SUPPLIED INFORMATION:
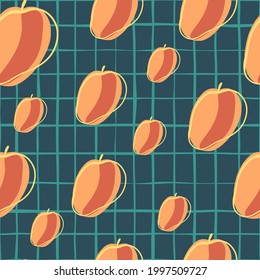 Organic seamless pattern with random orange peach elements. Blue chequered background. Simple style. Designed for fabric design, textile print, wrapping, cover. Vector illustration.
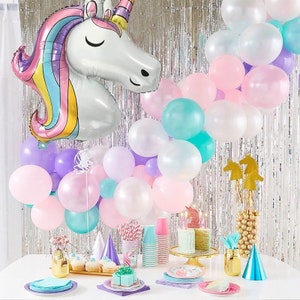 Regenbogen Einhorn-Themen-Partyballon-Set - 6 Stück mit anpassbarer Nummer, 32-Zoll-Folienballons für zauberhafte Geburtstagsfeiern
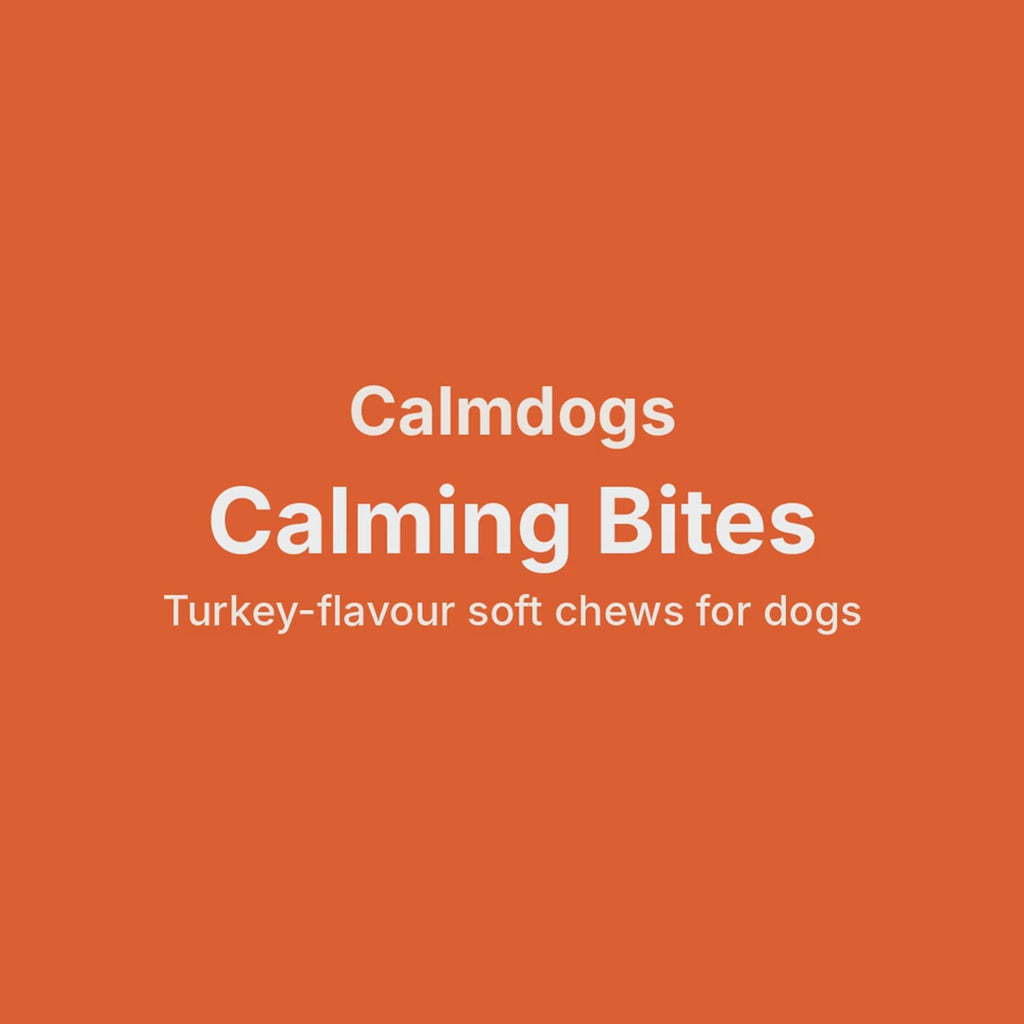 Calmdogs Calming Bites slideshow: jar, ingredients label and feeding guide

==

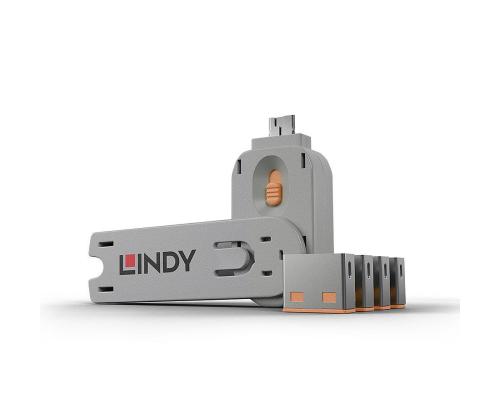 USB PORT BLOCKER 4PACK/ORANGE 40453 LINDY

TRY IT:
Output only the lines above from the line that holds "Organic seamless pattern" through the line that holds "Calmdogs Calming Bites", both ends included, and exclude pictures.

ANSWER BOX:
 Organic seamless pattern with random orange peach elements. Blue chequered background. Simple style. Designed for fabric design, textile print, wrapping, cover. Vector illustration.
 Regenbogen Einhorn-Themen-Partyballon-Set - 6 Stück mit anpassbarer Nummer, 32-Zoll-Folienballons für zauberhafte Geburtstagsfeiern
 Calmdogs Calming Bites slideshow: jar, ingredients label and feeding guide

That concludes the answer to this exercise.